Broadly speaking, there are 2 categories of conditions that may give rise to a real risk of forfeiture. These are:
(a) performance hurdles; or (b) service conditions (i.e. minimum term of employment to be served).
Such conditions are designed to motivate and provide incentives to employees (in the case of performance hurdles) and achieve retention and maintain loyalty (in the case of service conditions).
Such conditions should represent real risks if they are 'meaningful'. However, whether they are in fact meaningful will require an examination of all facts and circumstances of the scheme.
A risk will not be a real risk if it is a contrived risk. Such a condition is not more than a mere possibility and is not one in which there is a genuine connection between the forfeiture condition and aligning the interests of the employee and employer. Rather, such a condition will be regarded as being imposed only for the purpose of accessing tax-deferred treatment.

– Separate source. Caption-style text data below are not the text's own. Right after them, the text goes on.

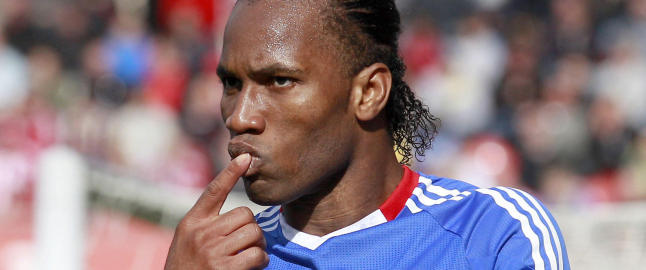 Drogba dratt vekk fra Chelsea-supporter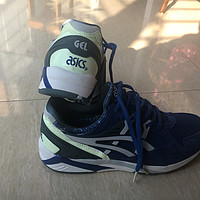 别具风格的Asics 亚瑟士复古慢跑鞋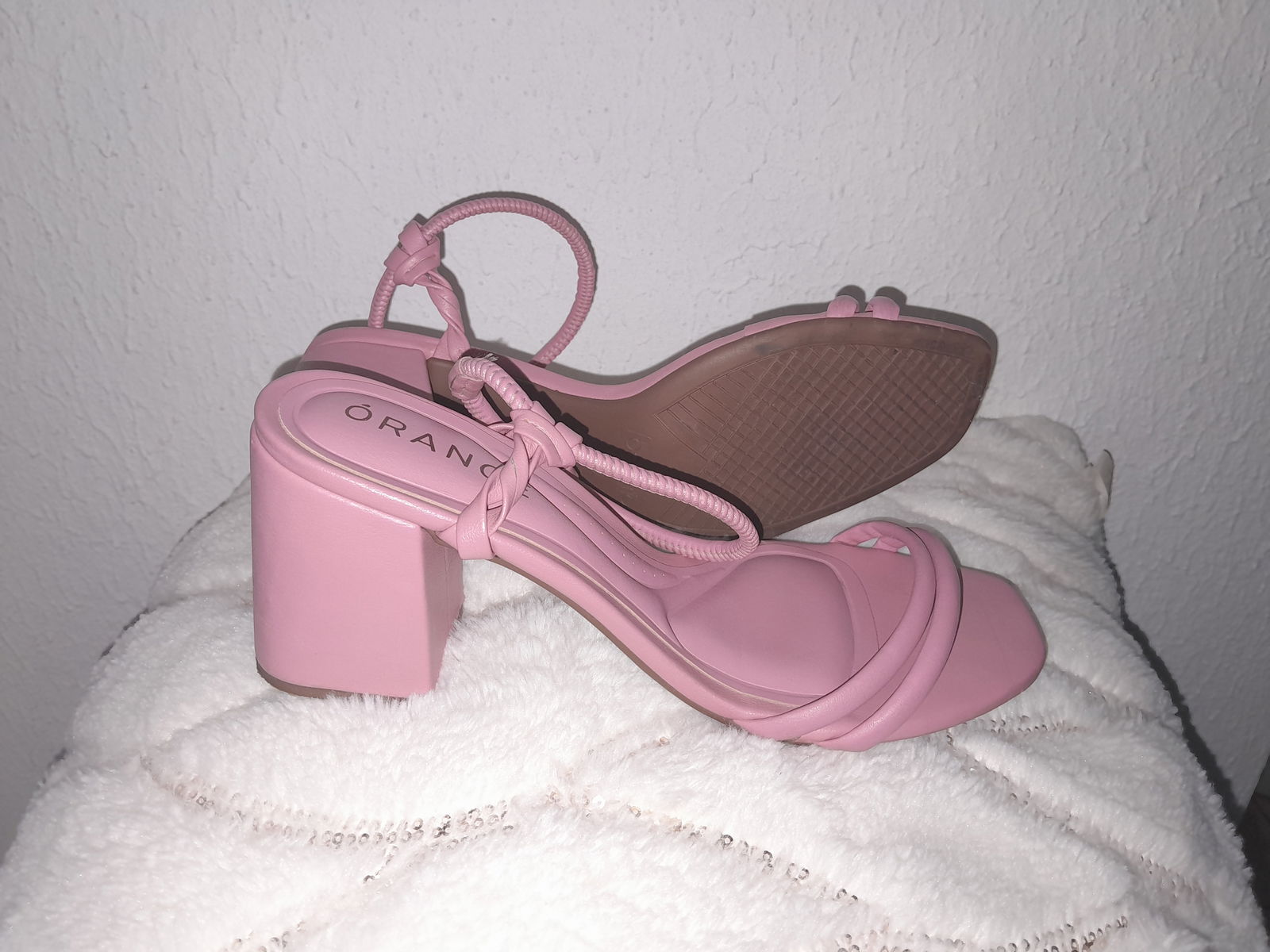 Sandalias de tacón rosa palo Órange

The Commissioner has indicated that some of the factors which might suggest that a condition is contrived include:11
(a) a short minimum term of employment combined with a long disposal restriction period; or (b) giving the plan operator an overriding discretion to vest ESS interests where performance hurdles are not met, and the operator routinely exercises that discretion.

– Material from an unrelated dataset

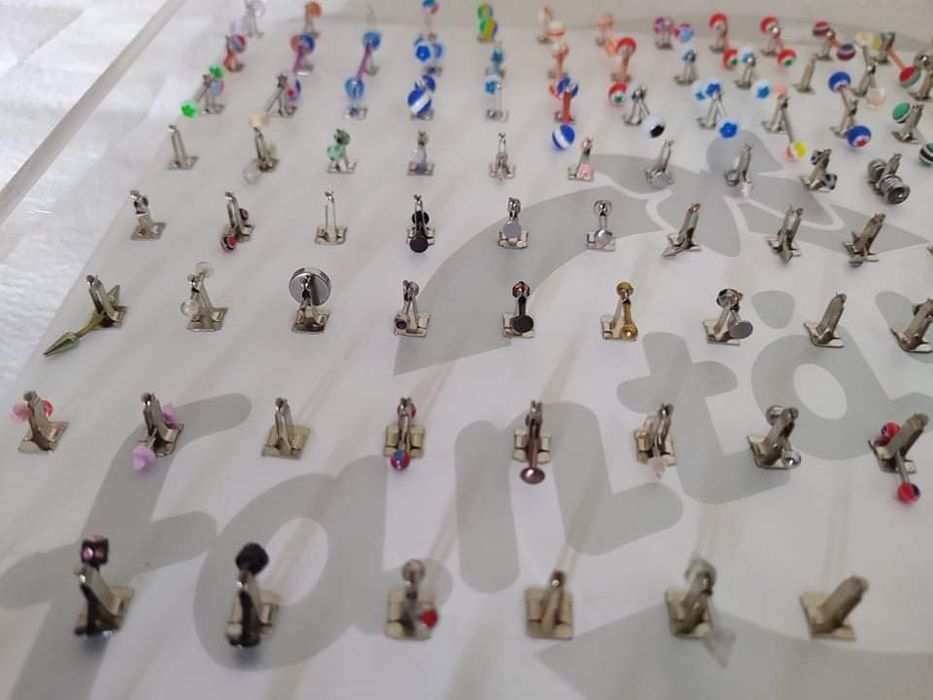 MEGA lote de +150 Piercings variados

The Commissioner also says there will not be a real risk of forfeiture where a scheme merely includes conditions such as the following:
(a) a condition which restricts an employee from disposing of their ESS interest for a period of time; (b) a condition which allows an employee to request that an ESS interest be forfeited; or (c) a condition which provides for an employee to forfeit their ESS interest if they are dismissed for fraud or gross misconduct.12
'Safe harbour' rules
The Commissioner has set out certain safe harbour rules for minimum term of employment conditions that he will generally consider constitute a 'real' risk of forfeiture. He says that such a condition is capable of being a condition which imposes a real risk of forfeiture if either:
(a) the minimum employment term is at least 12 months; or (b) the minimum employment terms is at least 6 months and the deferral period is no more than three (3) years.
Where a condition is outside these parameters, the Commissioner says all the facts and circumstances will need to be examined to determine whether a real risk is involved.13
Where an employee can make a choice which would lead to the employer withdrawing the ESS interest, this will not be considered to be a condition which imposes a real risk of forfeiture.
The existence of 'good leaver' provisions (as an exception to the minimum service period condition) will not necessarily negate a real risk of forfeiture. The Commissioner says good leaver provisions will not negate a real risk of forfeiture where it can be demonstrated that the employer does not routinely allow for departing employees to retain their ESS interests irrespective of the reasons for ceasing employment. Good leaver provisions that apply where the employee ceases employment for reasons beyond their control, such as death, invalidity or redundancy, will not negate a real risk of forfeiture.
A scheme may provide that the employee may retain their ESS interests if they retire (i.e. they cease employment to retire permanently from the workforce, usually having reached a certain age, such as 55) during the forfeiture period. Whether this negates a real risk of forfeiture at the time of grant will depend on the intention and individual circumstances of the employee at that time.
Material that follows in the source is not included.